Do you ever see yourself recording something purely for the radio?
I would like to, but not the stuff that’s forced down your throat by the radio. There’s something about a pop song that gives people joy. I recently met will.i.am, and I was able to talk to him about his music. I straight up told him that I loved some of the stuff he did, especially the early things when he was in the underground like me. Then there’s “My Humps,” which I absolutely hate, and I told him that. There’s something about that song that gets inside my head. I can respect that kind of songwriting, but it’s not what I do. Nobody could do that, except for Slug. He could be mainstream tomorrow, but he chooses to stay where he is. The rest of us here in the underground are here for a reason. Either it makes you bitter or you’re happy for what you have.
You’ve worked exclusively with Ant from Atmosphere. Do you ever see yourself producing your own album?

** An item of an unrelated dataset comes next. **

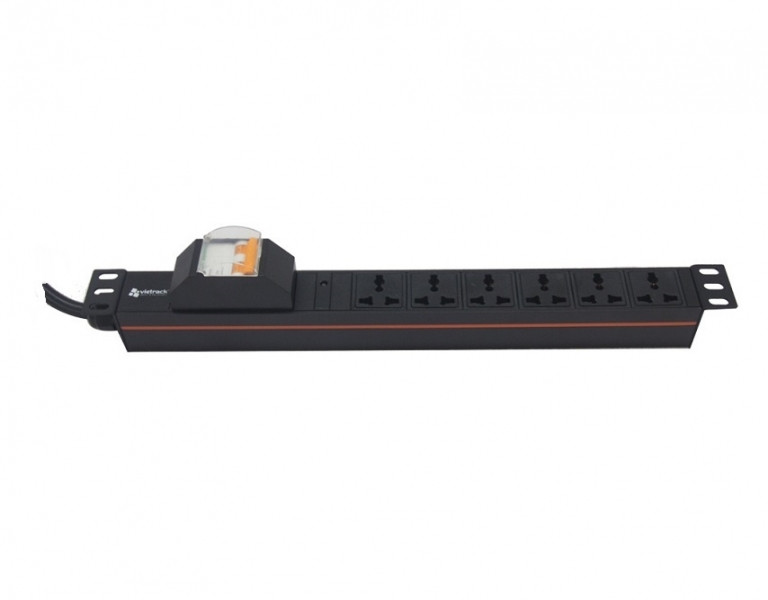 Power distribution bar, 6 Universal sockets, 16A, 250V, MCB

I’ve given my life to being an MC, and that’s where I’m going to stay. I don’t have a lot of respect for people who dabble. Ant has given himself to making beats. He’s the type of person who builds his record collection instead of his car. He basically didn’t live his twenties; he was in his basement creating Rhymesayers. I’ve made beats since I was 13, and I produced everything on my own demo. That was how I met Ant in the first place. I took him my demo so that he could make some beats for it. He told me to keep what I had for the most part, but what really came out of it was that he knew how I wanted the songs to sound. We have an excellent working relationship. If I ever wanted to branch out, there wouldn’t be a problem. As long as it’s working, though, I’m not in any hurry to mess with success.
Why should people seek out Brother Ali?
I think there’s a certain way that I write songs and present ideas. That’s not to say that nobody else is writing about these things, but being an outsider in so many different ways has given me a unique point of view. Besides that, I think I’m pretty good at what I do.